> What to do
Restate word for word the opening line of the data below and every line after it until the line with "VCF files also", that line too, but not the pictures.

> Records shown

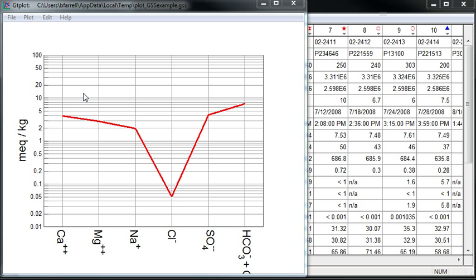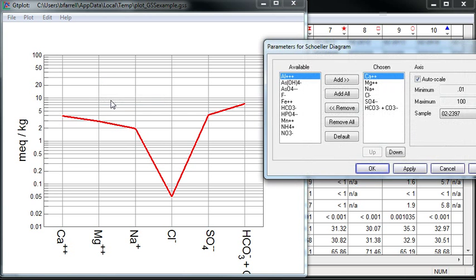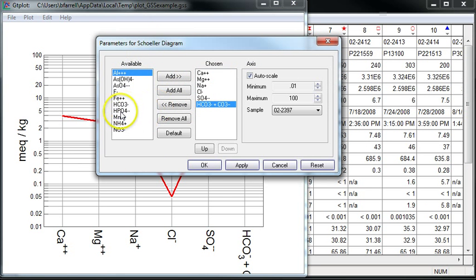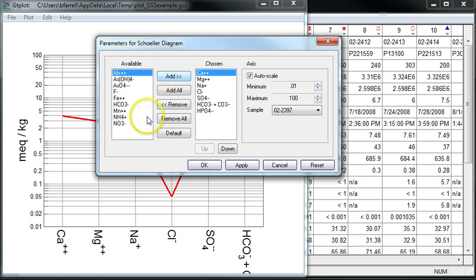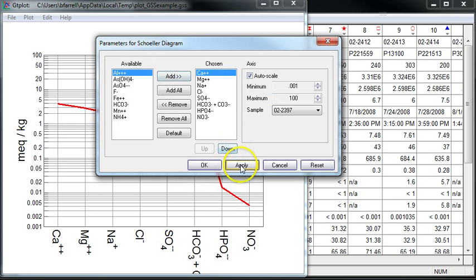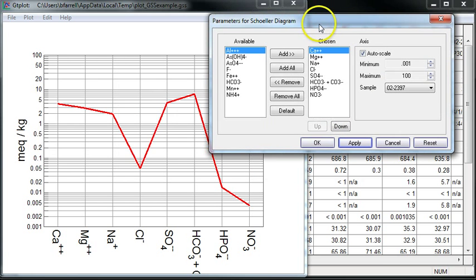We can edit the diagram by right-clicking on it and choosing Configure Plot. Here I can add components to consider by selecting them from this available list and choosing Add. I'll click Apply to update the diagram.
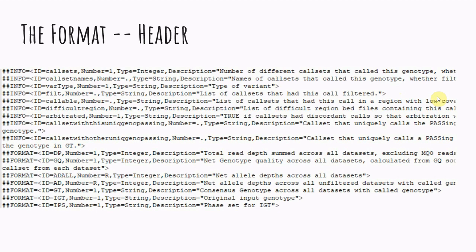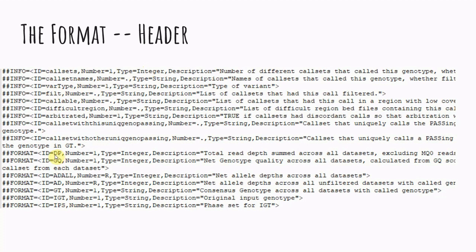VCF files also have headers. All of those different notations that you see in the info field and the format field, those will all be listed in the header. And this can be useful because a lot of times there's a lot of differences between VCFs and you won't know all of the annotations there in the info field or format field. So if that's the case, you can come up to the header and each one of those notations, like for example, here DP says that this ID equals DP. Then you can look at the description and says the total read depth. So this will give you a sense of what in fact you're looking at.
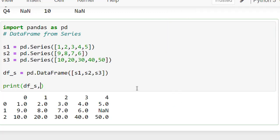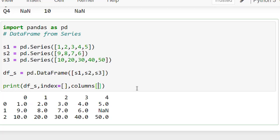You can also provide 'index' and 'columns' parameters if you wish. For missing values, it automatically adds NaN.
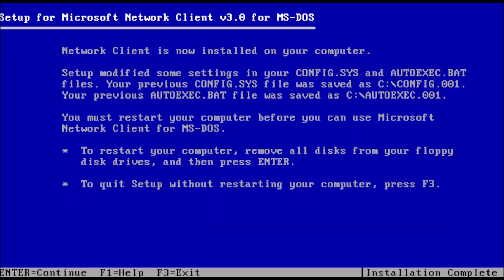For this screen, the path in the bar is correct, we just need to press enter to continue. Remove any disks and press enter to reboot the PC.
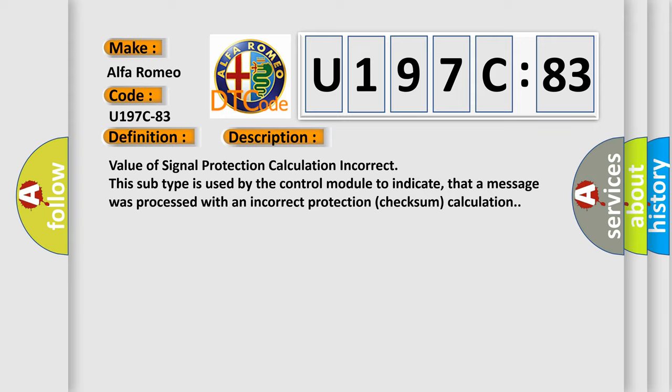This subtype is used by the control module to indicate that a message was processed with an incorrect protection checksum calculation.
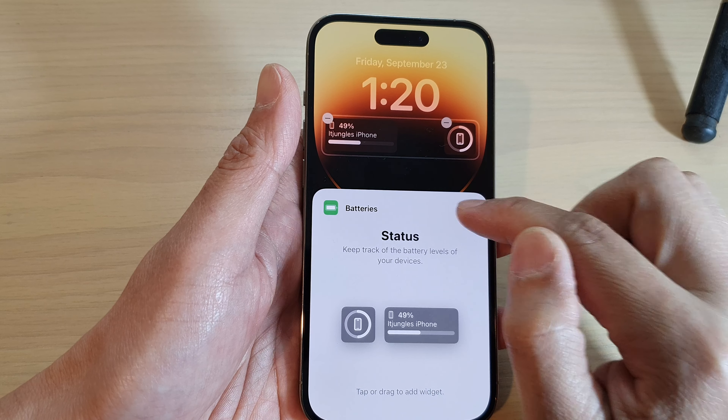Tap Done. You can then choose to set it as a wallpaper pair or customize the home screen. Tap Set as Wallpaper Pair, then tap the lock screen you want to use. Now when you lock your screen, you can view the battery status widget on your lock screen.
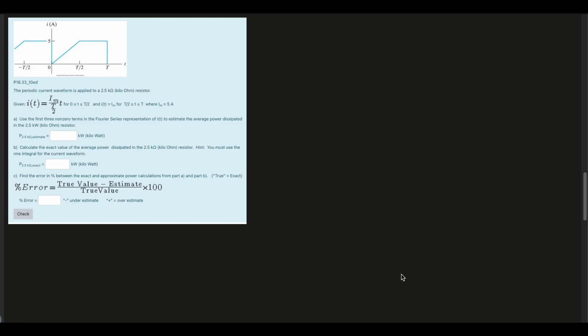We're going to be taking a look at this next problem. Previously, in the notes linked below the like button, we went over a problem that had to do with steady state and voltage waveform when we're given a circuit. Here we're not given a circuit — we're just given a periodic waveform, and it's being applied to a 2.5 kilo ohm resistor. We're not dealing with steady state here, so if you have a problem related to steady state, it's better to look at the video before this one, linked in the playlist below the like button.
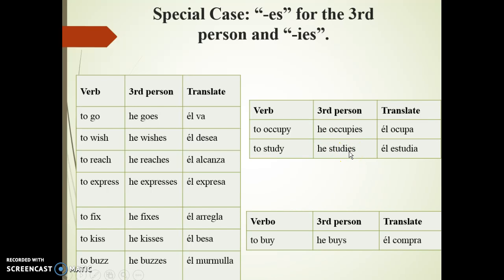Beware: if the 'y' is preceded by a vowel, the third person singular is formed with just an 's'. For example, to buy — he buys.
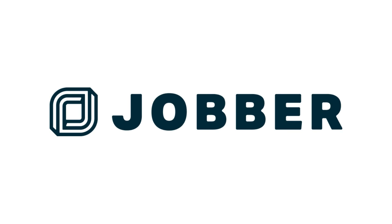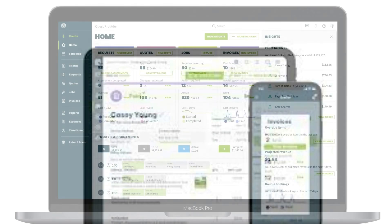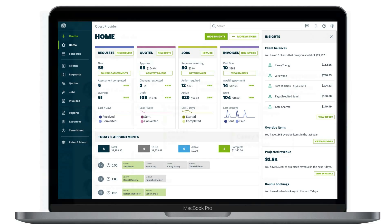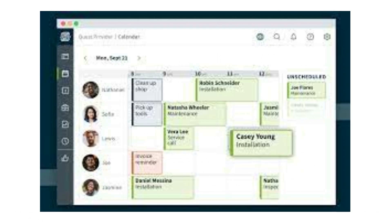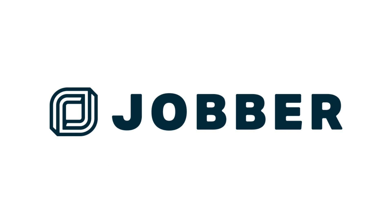If you run a home service business like painting, contracting, lawn care, or cleaning, your to-do list is endless. From hiring staff to mountains of paperwork, not to mention doing the actual work that pays the bills. Jobber is a mobile and online app that helps you organize your business and look professional. With Jobber, you can quote jobs, schedule your crew, invoice, and get paid all in one place. Try it free today at getjobber.com/shoptalk.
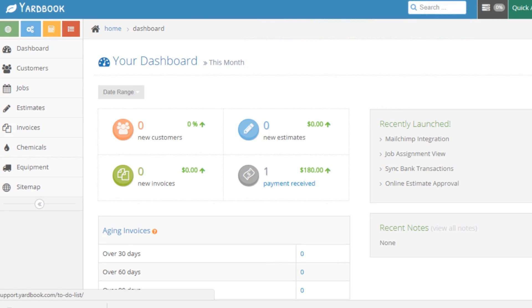Today I just wanted to make a quick short video talking about three new features that are on Yardbook. As most of you guys know, Yardbook is a program designed for lawn and landscape businesses to help with keeping track of your customers, your invoices, all kinds of different stuff to help run your business. Yardbook is free to use except for a few different premium features.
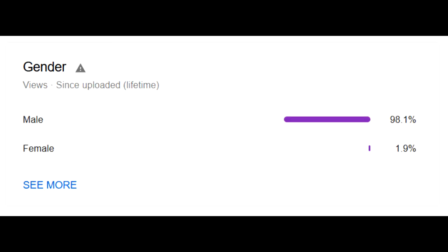Also, while I was at the analytics page, I noticed that 98.1% of my viewers are male, which means that the other 1.9% are female.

> Exercise output
We can edit the diagram by right-clicking on it and choosing Configure Plot. Here I can add components to consider by selecting them from this available list and choosing Add. I'll click Apply to update the diagram.
VCF files also have headers. All of those different notations that you see in the info field and the format field, those will all be listed in the header. And this can be useful because a lot of times there's a lot of differences between VCFs and you won't know all of the annotations there in the info field or format field. So if that's the case, you can come up to the header and each one of those notations, like for example, here DP says that this ID equals DP. Then you can look at the description and says the total read depth. So this will give you a sense of what in fact you're looking at.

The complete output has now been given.